Siri's revenge

I’ve mentioned in the past how I've pulled my share of practical jokes. (My partner, David Isaacs and I wrote all of the Bar Wars episodes of CHEERS). Well, I’m not the only one in my family.

At the moment I’m still in Maui. I’ve become friends with one of the waiters at the Grand Wailea poolside burger shack. (He refilled my ice tea once. I love the man.) I told him my son Matt was due to arrive the next day and would he help play a prank on him? Matt is an engineer for Apple computers and as you can imagine, there’s nothing he loves more than people asking for tech support (myself included). So I said to my waiter chum, “When Matt comes tomorrow tell him you’ve got a problem with your Mac laptop and that I said he’d be happy to help you.”

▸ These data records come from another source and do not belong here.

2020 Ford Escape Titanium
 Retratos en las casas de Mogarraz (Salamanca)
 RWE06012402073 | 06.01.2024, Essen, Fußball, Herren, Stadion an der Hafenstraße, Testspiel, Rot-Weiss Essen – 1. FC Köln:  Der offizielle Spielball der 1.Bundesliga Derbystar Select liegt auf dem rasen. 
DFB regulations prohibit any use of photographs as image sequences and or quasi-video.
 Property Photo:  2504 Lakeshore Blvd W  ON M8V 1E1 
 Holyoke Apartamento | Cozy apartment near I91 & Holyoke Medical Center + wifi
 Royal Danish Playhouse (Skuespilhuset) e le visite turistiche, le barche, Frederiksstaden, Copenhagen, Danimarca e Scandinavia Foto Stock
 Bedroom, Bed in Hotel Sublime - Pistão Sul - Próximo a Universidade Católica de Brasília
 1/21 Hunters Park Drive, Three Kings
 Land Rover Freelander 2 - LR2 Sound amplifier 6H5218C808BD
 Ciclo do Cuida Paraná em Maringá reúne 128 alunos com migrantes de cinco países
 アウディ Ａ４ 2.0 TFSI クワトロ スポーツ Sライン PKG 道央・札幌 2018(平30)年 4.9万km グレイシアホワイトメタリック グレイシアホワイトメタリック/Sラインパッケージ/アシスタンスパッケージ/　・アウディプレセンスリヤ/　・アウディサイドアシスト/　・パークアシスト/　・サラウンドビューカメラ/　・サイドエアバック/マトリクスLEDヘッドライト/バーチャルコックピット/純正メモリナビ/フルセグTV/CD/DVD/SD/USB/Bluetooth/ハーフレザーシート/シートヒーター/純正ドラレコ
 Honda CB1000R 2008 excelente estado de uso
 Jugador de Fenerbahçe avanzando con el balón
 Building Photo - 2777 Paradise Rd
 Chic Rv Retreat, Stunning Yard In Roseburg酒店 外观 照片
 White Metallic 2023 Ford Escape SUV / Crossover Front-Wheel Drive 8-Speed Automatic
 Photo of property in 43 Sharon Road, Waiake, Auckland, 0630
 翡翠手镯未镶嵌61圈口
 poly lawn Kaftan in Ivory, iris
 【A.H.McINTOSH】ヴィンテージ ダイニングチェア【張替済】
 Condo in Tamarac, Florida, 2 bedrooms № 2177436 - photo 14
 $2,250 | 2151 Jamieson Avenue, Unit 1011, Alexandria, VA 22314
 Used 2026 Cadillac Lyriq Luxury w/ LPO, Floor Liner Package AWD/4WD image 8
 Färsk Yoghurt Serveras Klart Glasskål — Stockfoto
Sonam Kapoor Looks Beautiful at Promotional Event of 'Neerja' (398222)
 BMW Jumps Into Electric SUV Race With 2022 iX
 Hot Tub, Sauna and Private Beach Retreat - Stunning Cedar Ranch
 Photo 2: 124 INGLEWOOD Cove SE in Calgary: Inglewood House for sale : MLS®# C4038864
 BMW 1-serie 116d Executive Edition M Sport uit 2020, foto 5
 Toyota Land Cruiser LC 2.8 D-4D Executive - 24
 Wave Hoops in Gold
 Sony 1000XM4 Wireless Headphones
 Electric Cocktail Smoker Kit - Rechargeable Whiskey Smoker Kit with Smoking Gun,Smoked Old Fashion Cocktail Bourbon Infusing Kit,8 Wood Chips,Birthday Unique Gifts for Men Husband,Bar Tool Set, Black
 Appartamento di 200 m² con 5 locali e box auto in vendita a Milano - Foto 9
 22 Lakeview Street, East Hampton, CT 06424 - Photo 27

Sure enough – next day, we’re at lunch, the waiter ambles by, and asks Matt if he’d look at his laptop. Although steam was escaping from his ears, Matt graciously said he would. At that point we let him in on the joke.

He said he would get back at me.

A few nights later my wife and I are at dinner with two other couples. I just got the new iPhone4S and am showing off the new Siri feature. I ask her when the Superbowl is? She didn’t understand the question. So I ask her again but with more of a ‘tude this time. I said, “When is next year’s Superbowl, bitch?”

She answers: “I don’t know, Jackass!”

You can imagine the laugh this got at the table.   Getting royally insulted by my iPhone.

And as we were driving home a new concern crossed my mind. Based on the input she receives, Siri “learns” things. Does she now just assume I'm a giant  asshole? I mean, calling me a Jackass was pretty rude!”   Was I forever to be hated by my cellphone?

Well, it turns out Matt programmed Siri to call me that. You can do that I guess.

Good one, Matt!  

I’m currently reading the Steve Jobs book. In it, I've learned he loved pulling practical jokes. I’ve always been proud that my son works for Apple Computer. But now I know, he really belongs.

For the record: Siri now calls me Kenny. At least to my face. Behind my back – God knows.